Coble's band of partially artificial musicians will debut in their first full length performance next week at the University of Bridgeport's Mertens Theater. They will perform an original score to 1925 silent classic, "The Phantom of the Opera" starring Lon Chaney.
"It's stopped being a project," Coble says. "It is now officially an obsession."
The performance is a testament to Coble's undergraduate training at Eastman School of Music at the University of Rochester in New York. Founded not long after George Eastman perfected the film process, the school's original purpose was to train theater musicians to accompany silent movies, Coble says.
Having a full orchestra accompany a silent movie harks back to the earliest days of silent pictures, when "Phantom of the Opera" was first released, says Cortlandt Hull, founder of the Silverscreen Movie Museum in Bristol, which provided the film for the screening.
The audience will watch a rare tinted version, he says. When silent film was first introduced, scenes were tinted to heighten the mood. In this version night is tinted blue, love scenes are tinted a pinkish magenta and the phantom's lair is tinted green. There is also rare scene of the masked ball sequence that is tinted in Technicolor with red and green where the phantom comes dressed as the red death.
The whole process of tinting was painstaking, Hull says, so not all film versions have it.
Coble's artificial musicians could never substitute for professional musicians, he says. However, he finds it ironic that they could be used in the place of recorded music.
Coble was involved in the recent musicians strike that shut down Broadway. One of the inspirations for his band of partially artificial musicians, he says, originated from the first threats by theater management to limit the size and strength of Broadway orchestras by replacing them with recorded or synthesized music.

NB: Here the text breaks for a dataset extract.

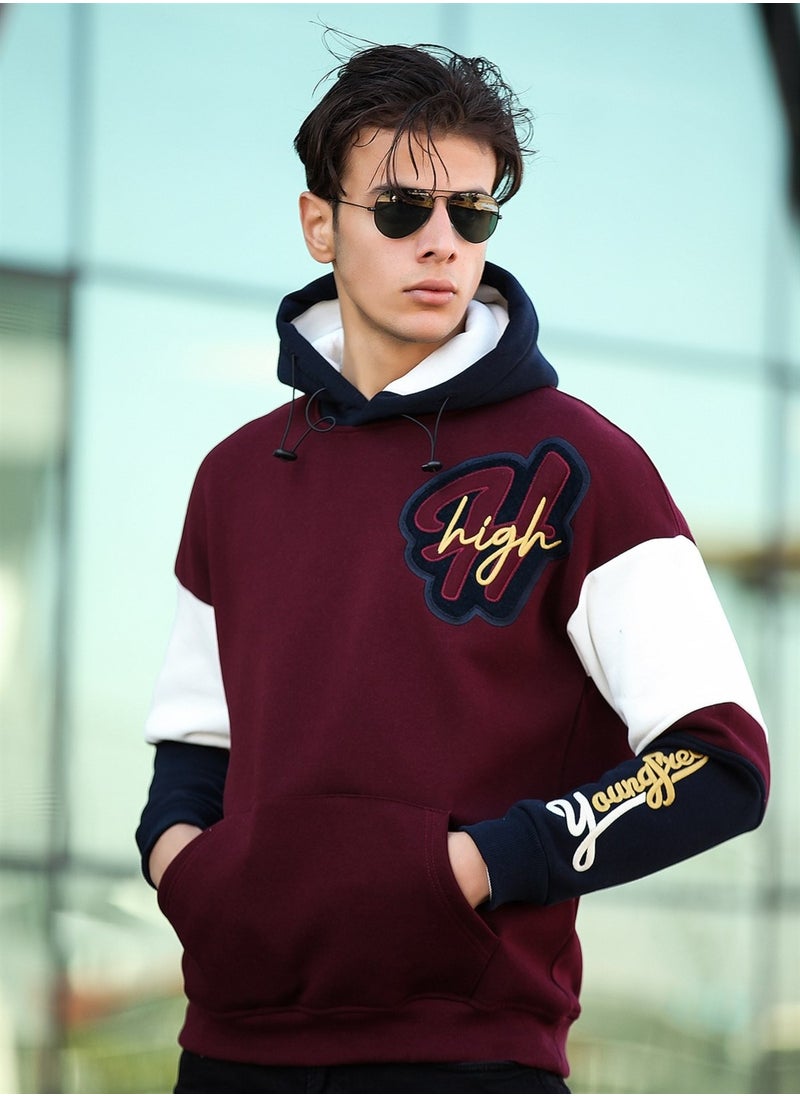 High Embroidered Oversize Sweatshirt - Claret Red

"This is my reaction to the closing in of the walls," he says.
Protecting the jobs of the musicians on Broadway protects the integrity of the industry, Coble says. It's what makes Broadway special.

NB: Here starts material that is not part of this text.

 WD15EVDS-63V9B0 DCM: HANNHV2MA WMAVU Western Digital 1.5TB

"Cities like Tokyo and Las Vegas have done away with live music," he says.
Using an orchestra of robots in the place of recorded music stays within the spirit of Broadway because it is still live music. They could never replace human musicians because they lack the nuance and creativity of a human being, Coble says.
The purpose of Coble's orchestra is to use musical instruments in a way that humans cannot.
One example of a partially artificial musician is Jack, a solid body electric violin. Mounted to a foot stool, Jack has a sliding bow with a spinning wheel that causes the strings to vibrate. It originated as an instrument Coble used while playing with a bar band so his professional violin would not be in danger of flying beer bottles.
"It took me three days to build that thing and about $7 in wood," he says. "It sounds kind of gnarly."
Other instruments include a variety of drums, cellos, both electric and acoustic guitars, and a series of violins. They are guided by a sequencing program written in Visual Basic by Coble's brother-in-law.
Each instrument has a strong and specific personality, Coble says, and there is nothing synthetic about the sounds they produce.
"I stress very strongly that there is absolutely no MIDI technology," Coble says, referring to Musical Instrument Digital Interface, a digital language used to blend computers with electronic instruments.
The music that will accompany the silent screening of the "Phantom of the Opera" is an original score that challenges the traditional lines that divide noise and music, Coble says.
The music composed by Andrew Lloyd Webber for the Broadway musical has a similar dissonant quality, Coble says, and can also be very jarring. Due to Coble's involvement with the Broadway production there will references to the musical, though they may be subtle.
"This is my feeble attempt to return something," Coble says. "Being involved with 'Phantom' is a tremendous opportunity."
To write a musical score for the 75-minute film, Coble composed music in five-minute segments with each segment taking two hours to compose. It will be continually refined until the last minute.
"I won't be done until five minutes before the show," Coble laughs.
Hull and Coble hope to collaborate again on other projects. The next project will hopefully be a musical score for the 1927 film "Metropolis," Coble says. Hull thinks it is fitting that a movie about the creation of a robot will have a musical score played by robots.
"Silent films will be resurrected through this new technology," Coble says.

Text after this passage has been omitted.